If this is in the wrong place, please move it. Thanks.

31 y/o disabled man here, and I refuse to spend my life on disability.

Spent the last 4 years working in the mental health and substance abuse field in numerous capacities, most recently as a Peer Support Specialist. Absolutely burned myself out to the point of a near mental breakdown. I started off very, very good at what I did. By the end I didn't care about anyone or anything. The job had drained and sapped me of every drop of compassion and empathy I had. I'm out now, and I'm staying out.

I am very interested in machining. I watch machining videos in my leisure time, admittedly. I find it fascinating. Only problem: I am GREEN GREEN GREEN. Growing up, academics were stressed and hands on things were absent. I tried a welding class some years ago. My welds looked like they were done by a stupid monkey. Took an intro to machining class back in like, 2015. Had no idea what I was doing and kept screwing things up.

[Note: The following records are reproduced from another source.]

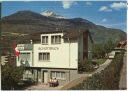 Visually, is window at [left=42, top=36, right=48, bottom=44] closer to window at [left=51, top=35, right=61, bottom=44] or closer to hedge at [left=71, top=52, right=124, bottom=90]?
window at [left=51, top=35, right=61, bottom=44]

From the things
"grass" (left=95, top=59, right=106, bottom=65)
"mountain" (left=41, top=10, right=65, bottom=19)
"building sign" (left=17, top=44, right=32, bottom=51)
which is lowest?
"grass" (left=95, top=59, right=106, bottom=65)

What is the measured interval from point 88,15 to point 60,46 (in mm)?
388

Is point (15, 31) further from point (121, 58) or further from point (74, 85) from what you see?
point (121, 58)

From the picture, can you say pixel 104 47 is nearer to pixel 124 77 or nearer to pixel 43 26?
pixel 124 77

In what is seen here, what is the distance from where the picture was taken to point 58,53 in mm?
3723

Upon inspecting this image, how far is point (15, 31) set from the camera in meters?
3.80

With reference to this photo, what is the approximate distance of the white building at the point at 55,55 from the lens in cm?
370

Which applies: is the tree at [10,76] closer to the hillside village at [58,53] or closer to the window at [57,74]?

The textbook might as well have been written in Japanese.

I am greener than the average green student. My classmates grew up doing shop stuff. I grew up nose deep in textbooks.

What advice do you have for someone like me? Someone who, despite these challenges, wants to carve out a stable, sustainable career? "Academic" careers that interest me are few and far between. Most of the degrees I would get wouldn't lead to a job. I'm basically exploring if machining is an option, and hanging around this forum to see cool machining stuff and learn.

Thanks!

From my angle: Consider something in the Quality area of manufacturing. This could be any number of things, from Quality Assurance /Management to Quality Control inspector, to Internal Auditor (ISO or other standard).

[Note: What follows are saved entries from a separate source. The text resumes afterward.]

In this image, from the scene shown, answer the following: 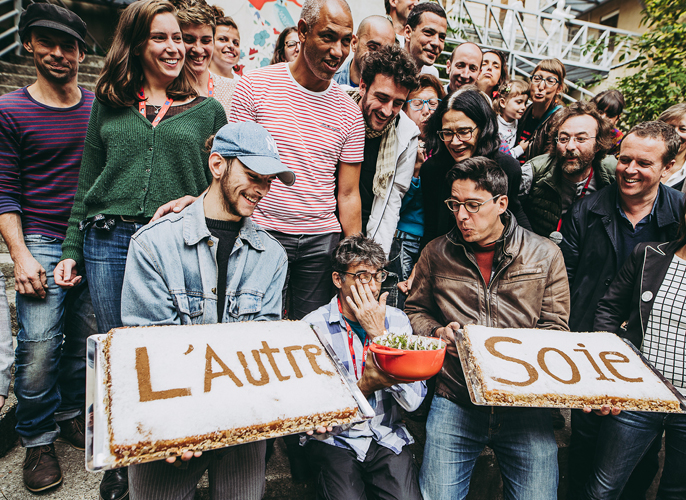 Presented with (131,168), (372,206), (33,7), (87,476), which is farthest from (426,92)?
(87,476)

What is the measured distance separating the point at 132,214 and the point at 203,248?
52 cm

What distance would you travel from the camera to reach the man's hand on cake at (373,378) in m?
1.73

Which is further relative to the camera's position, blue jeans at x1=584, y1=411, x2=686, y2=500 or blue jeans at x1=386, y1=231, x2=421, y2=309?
blue jeans at x1=386, y1=231, x2=421, y2=309

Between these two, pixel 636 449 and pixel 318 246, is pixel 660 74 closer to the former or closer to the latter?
pixel 636 449

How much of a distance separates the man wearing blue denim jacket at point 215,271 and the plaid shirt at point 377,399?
0.42 metres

In my opinion, and I'd be interested in other's opinions here in this thread, I feel there is a greater opportunity for insertion into "Quality" by novices. This varies by company of course, but generally speaking my experience/observations have been that if you are going to actually peel steel on either a manual machine or CNC machine, working from a blueprint, you need much more disciplined technical training first.

You are going to need a degree of "technical training" for a Quality position as well mind you, and in some cases that might be more hard core than others. What I've done is generalize. Quality inspections and practices involve a higher degree of basic organizational, tracking, reporting, auditing, etc., from a records keeping perspective.

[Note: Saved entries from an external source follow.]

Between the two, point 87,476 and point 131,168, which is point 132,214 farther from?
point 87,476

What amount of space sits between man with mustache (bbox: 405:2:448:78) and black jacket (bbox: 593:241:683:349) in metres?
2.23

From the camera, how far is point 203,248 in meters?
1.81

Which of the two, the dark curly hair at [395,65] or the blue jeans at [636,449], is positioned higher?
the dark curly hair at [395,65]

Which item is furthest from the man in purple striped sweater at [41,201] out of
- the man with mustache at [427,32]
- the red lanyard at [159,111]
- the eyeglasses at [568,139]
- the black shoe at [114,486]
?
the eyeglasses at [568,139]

Just over 10 years ago I made a complete jump to something different, to manufacturing. Within a couple of years I was "promoted" into the Quality Department from the floor as a CNC Operator (not a machinist) because I was reliable in paying attention, picked up what was necessary quickly, but showed the bosses evidence of my prior career in what I was doing. They realized I had overlap from my time in IT benefitting a Quality Inspector.

Looking at jobs in the Quality Assurance / Inspections side of things may be worth looking over.

You will need some basics however, make no mistake. Out of a bunch I'm sure, I'd start with looking up GD&T Blueprint symbology and how to read a blueprint.

Best of luck to you.
 
If I were you....I'd consider the office side of machining. As in, the CNC programming side. It's a lot cleaner and you still get to go out in the shop enough that you can see the results of your work become real.

Has programming advanced to the point where you don't have to have any machining background to become a programmer?
 
I can only tell you I have worked with many CNC programmers who never machined anything. They get by because much of machining has been reduced to formulas and computer driven knowledge. A lot of programs (most?) will warn you if you've exceeded the limits of a certain tool or if you've drawn something that can't actually be produced. And the CNC programs also are able to convert the drawing into the proper language the machine tool needs, as far as I can tell.